WHAT YOU NEED TO DO => Your copy starts at the line containing "Used 2024 Subaru Legacy Limited" and ends at the last line below. Copy exactly, without pictures.
:: SOURCE INFORMATION ::
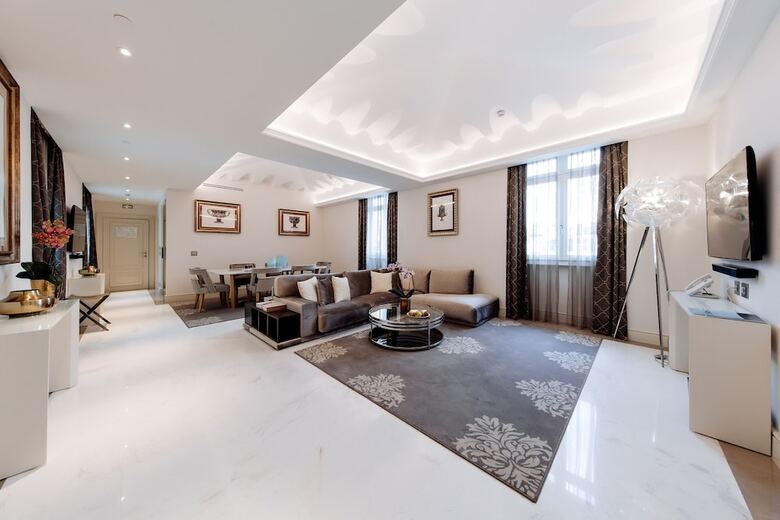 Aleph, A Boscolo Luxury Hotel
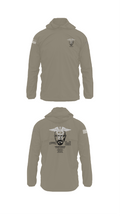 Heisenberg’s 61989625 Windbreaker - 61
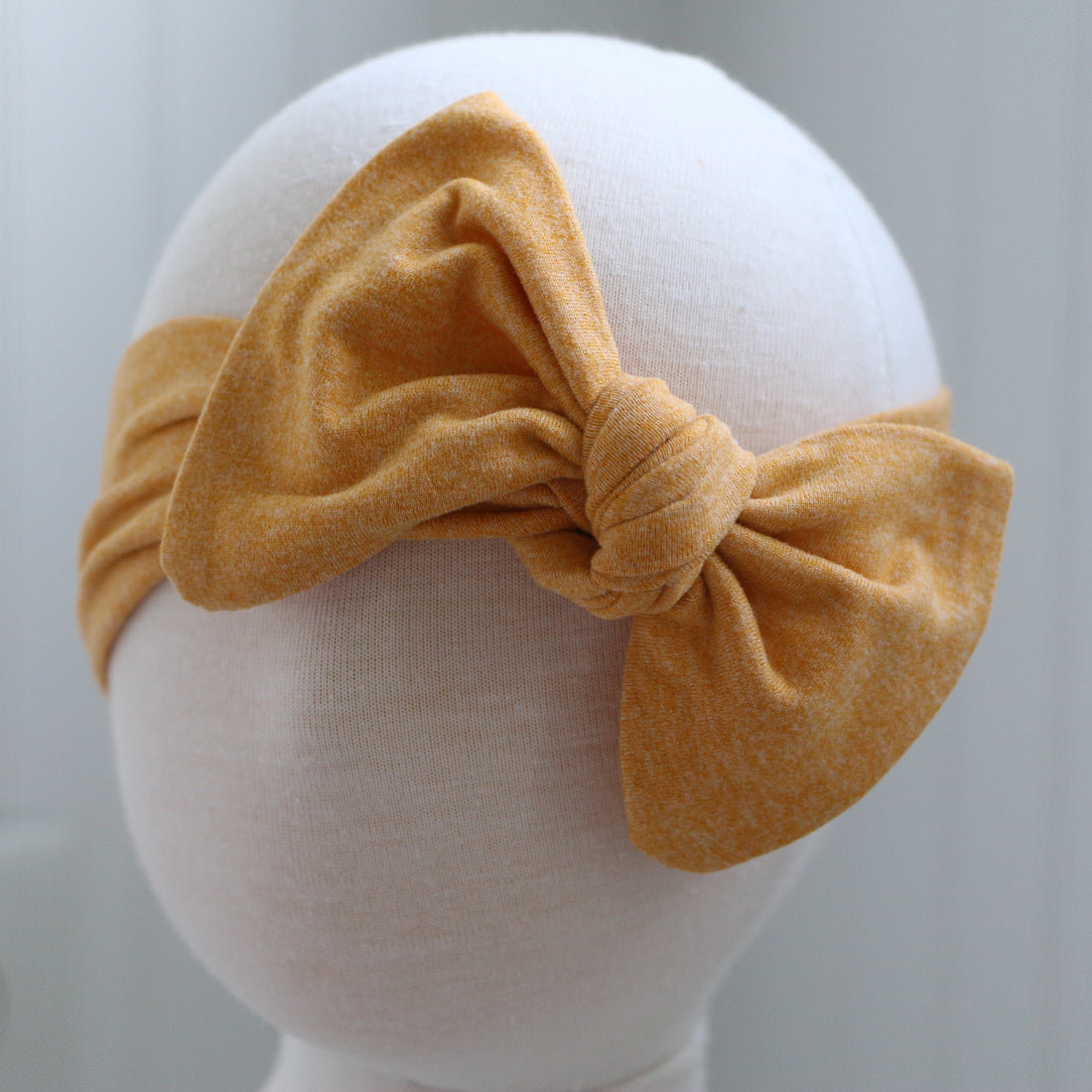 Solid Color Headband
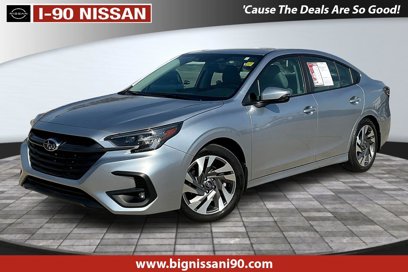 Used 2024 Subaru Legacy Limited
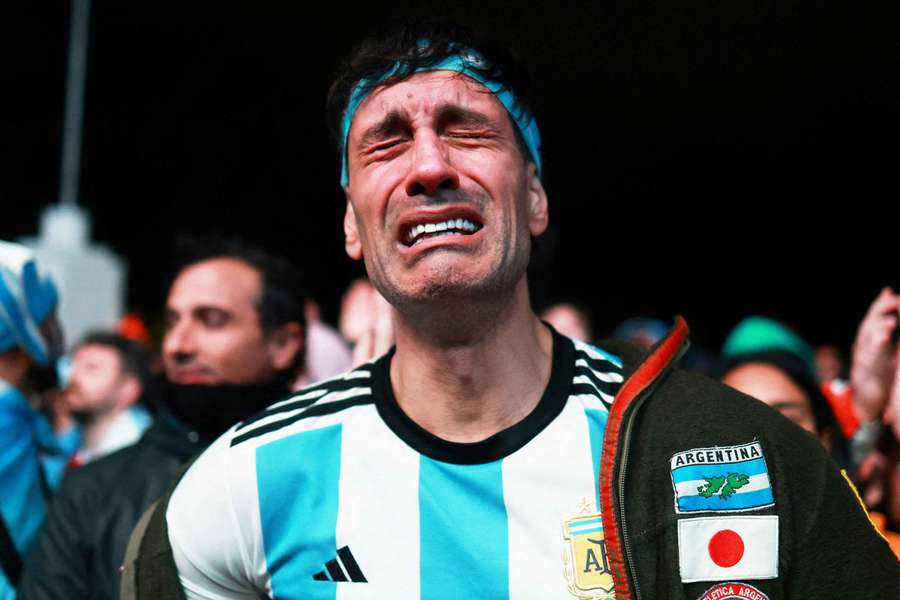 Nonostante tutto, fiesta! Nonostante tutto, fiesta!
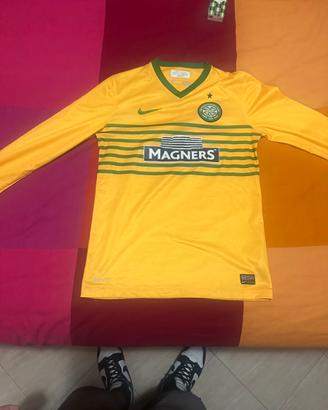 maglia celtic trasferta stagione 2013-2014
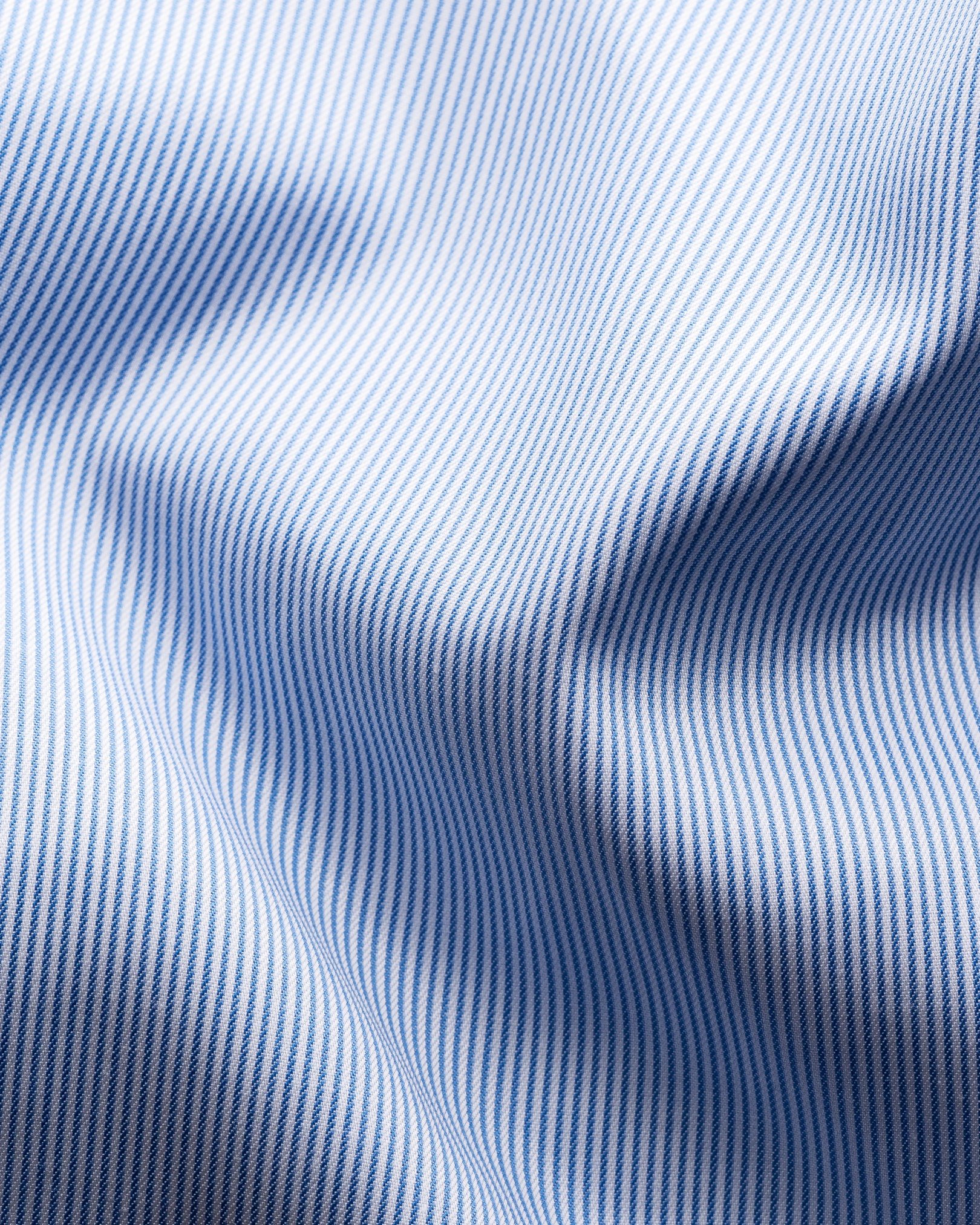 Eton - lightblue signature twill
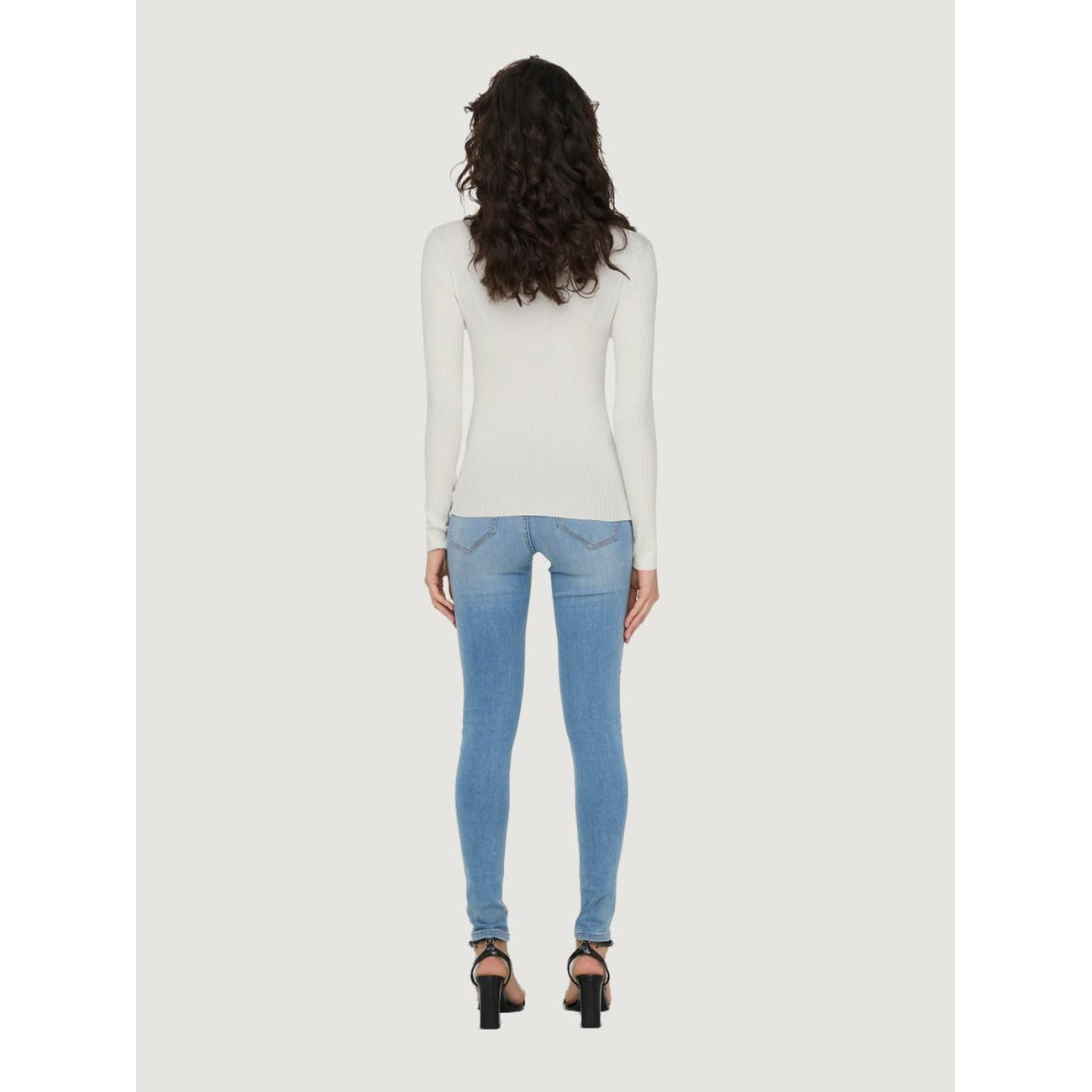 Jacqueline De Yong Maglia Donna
:::
TASK SOLUTION =>
 Used 2024 Subaru Legacy Limited
 Nonostante tutto, fiesta! Nonostante tutto, fiesta!
 maglia celtic trasferta stagione 2013-2014
 Eton - lightblue signature twill
 Jacqueline De Yong Maglia Donna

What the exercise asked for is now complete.